The Mantos Copper Mantos Blancos operation commissioned its first Sandvik crusher back in 2001, a Sandvik CH660 that replaced an outdated competitor model. Three years later the mine replaced another obsolete competitor crusher, opting for a higher-capacity Sandvik CH870 – the first of that model installed anywhere. The mine’s first Sandvik CH870 was such a success that Mantos Blancos installed another in 2006 to replace the smaller Sandvik CH660 and boost circuit capacity. By 2008, the mine had migrated to Sandvik CH870 in all three tertiary positions.
In recent years, Mantos Copper has also grown increasingly interested in digitalisation and the Industrial Internet of Things, and the potential efficiency and productivity benefits connected data can enable at a mass mining operation. When an opportunity arose to implement connectivity in the all-important tertiary sulphide crushing line, Mantos Blancos seized it.
After a decade of reliable and productive operation, the mine upgraded its youngest Sandvik CH870 to a Sandvik CH870i. Mantos Blancos took advantage of Sandvik’s Reborn solution, a more cost-effective option than a new installation, since existing infrastructure and auxiliaries of the Sandvik CH870 could be re-utilised. The Sandvik CH870i Reborn, backed by a three-year extended warranty, was online in just two days.
“If a crusher can process the ore at Mantos Blancos, it can process ore anywhere.” It’s a common sentiment across the Chilean mining industry. The rock is so hard and abrasive that many mines view Mantos Blancos as the ultimate proving ground. “Suppliers want to test their products here, and Chilean mines asks if machines were tried in Mantos Blancos, because if they work here, they work everywhere,” says Pablo Carrasco, Mantos Copper’s purchasing superintendent for Mantos Blancos and the company’s Mantoverde mine.
Eight hundred metres above sea level in the Atacama Desert – one of the most arid places on the planet – Mantos Blancos produces around 50,000 t of fine copper each year. The mine runs an oxide circuit for leaching and a sulphide circuit for flotation. By increasing the processing capacity of its sulphide plant, Mantos Blancos plans to maintain current production levels through 2035. The sulphide circuit consists of a primary crusher, a secondary crusher and three tertiary crushers in a closed circuit, for the production of a product approaching 98 percent smaller than ¼” (6.4 mm) to supply the ball mills.
“The tertiary line is the backbone of the sulphide plant,” Carrasco says. “If this line doesn’t operate continuously, we have no production in the next stages. The Reborn solution allowed us to keep many components of the current machine, which are still perfectly useful. The extended warranty, which includes periodic condition inspections, really puts our minds at ease.”

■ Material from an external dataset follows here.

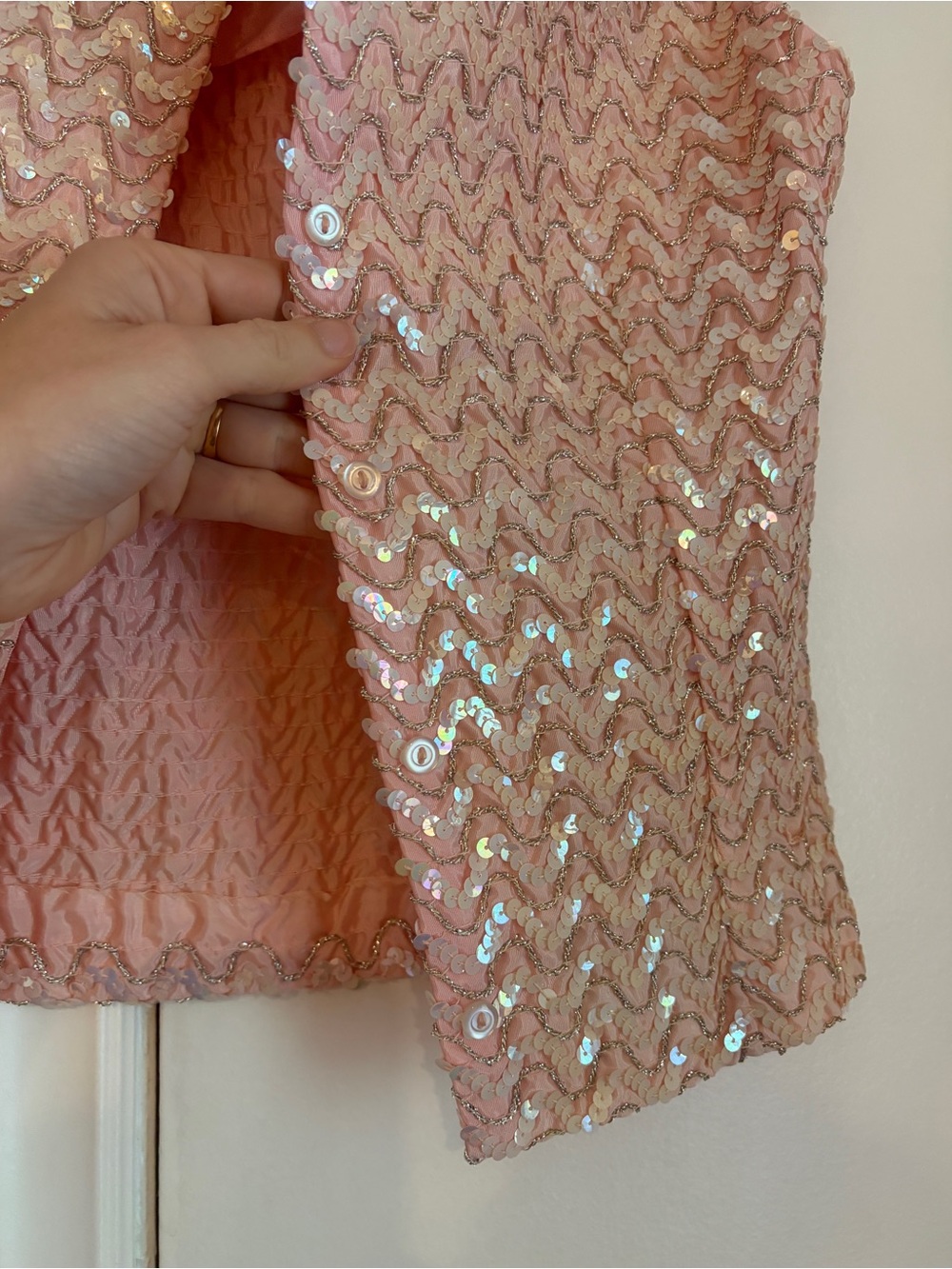 Vintage 70s Pink Sequin Zigzag button closure sleeveless Top - Picture 4 of 16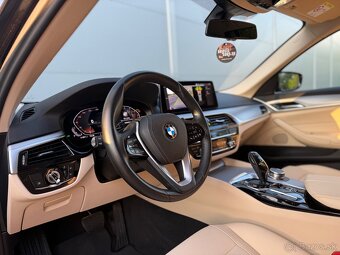 BMW 520i Touring G31 2023 99tis. odpočet DPH - 14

“The competitive advantage that Sandvik crushers have, something the rest of the market doesn’t offer, is that even having the machine working at its full potential, the crusher doesn’t present any problems,” says plant maintenance chief Luis Guerrero.

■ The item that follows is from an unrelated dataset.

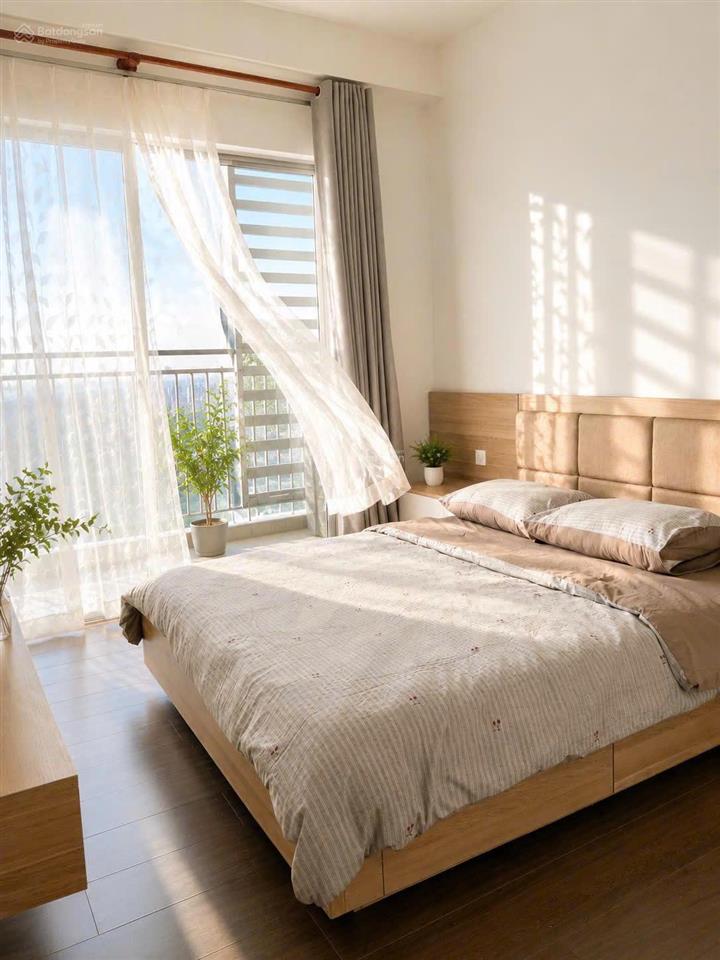 Cho thuê cc the sun avenue 3pn view sông giá cực rẻ chỉ 20tr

The mine used to change liners as often as weekly but Sandvik worked with Mantos Blancos to extend utilisation cycles to 21 days. “The improvements Sandvik has made help, first of all, from a cost perspective, because the lining is less worn,” Carrasco says. “There are fewer interruptions. The plant had to stop working to change liners so often, so it benefits continuity to have longer liner cycles, and this has a direct impact on production.”